Donor-directed grants totaled $19.7million last year, up from $17.3 million in 2012.

“We are grateful to our dedicated donors for joining with us to take on the state’s challenges and opportunities,” said Neil Steinberg, the Foundation’s president and CEO. “Their inspiring generosity enabled us to invest in Rhode Island as never before.”

In addition to grantmaking and fundraising, community leadership is central to the Foundation’s activities and business. In 2013, the Foundation raised $264,089 in the second year of its annual Civic Leadership Fund, which enables the Foundation to go beyond traditional grantmaking to provide leadership and a forum for dialogue on critical community issues.


The fund supported the Foundation’s Make It Happen RI initiative, which had several major achievements last year. The Foundation announced the last of $1 million in grants to jumpstart 19 economic development initiatives, launched the positive “It’s All In Our Backyard” public awareness campaign and convened a series of focus groups to develop a new economic action agenda for state policymakers.

“Make It Happen continues to move forward on its goal of creating jobs and jumpstarting the economy. It has sparked collaborations in digital design, manufacturing and health sciences that already are producing results,” said Jessica David, the Foundation’s vice president of strategy and community investments.

Under its competitive strategy grant program, the Foundation invests in organizations and programs that strive for long-term solutions to significant community issues.

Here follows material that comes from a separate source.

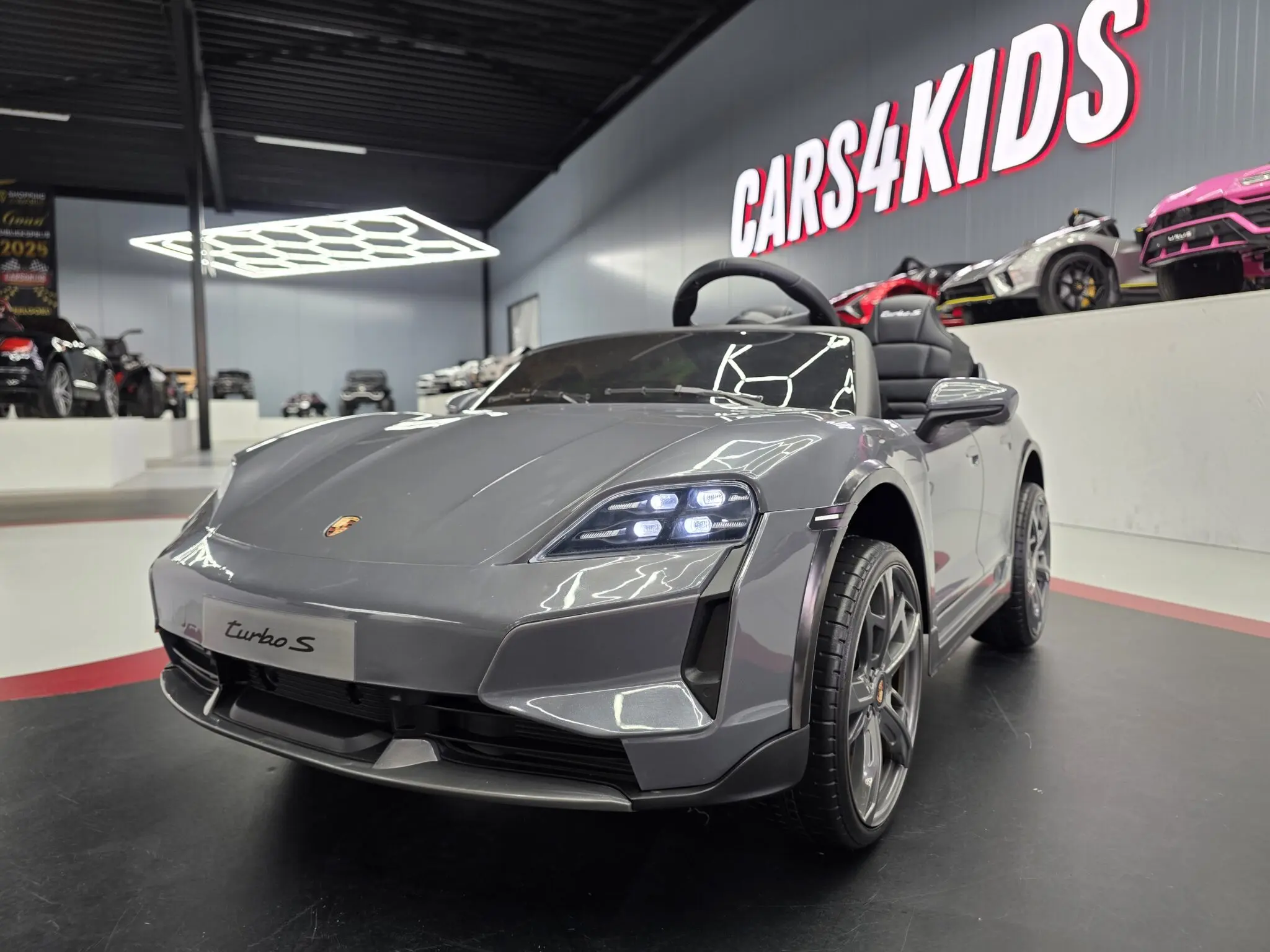 Mașină electrică Porsche Taycan Turbo S 24V Gri, 2 Locuri, licență oficială – Telecomandă 2.4G, Scaun Piele [2]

In 2013, nearly $5.6 million was awarded to nearly 100 Rhode Island nonprofits.

Strategy grants fell into six sectors: arts and culture, community development, education, environment, health, and human services. Additionally, the Foundation supported signature initiatives in two areas it believes are critical to the state’s economic wellbeing: public education and primary health care.

“We are proud to support the work nonprofits do tackling the crucial issues confronting our state. Through strategicinvestments in their activities, we are working together to improve the lives of Rhode Islanders,” said David.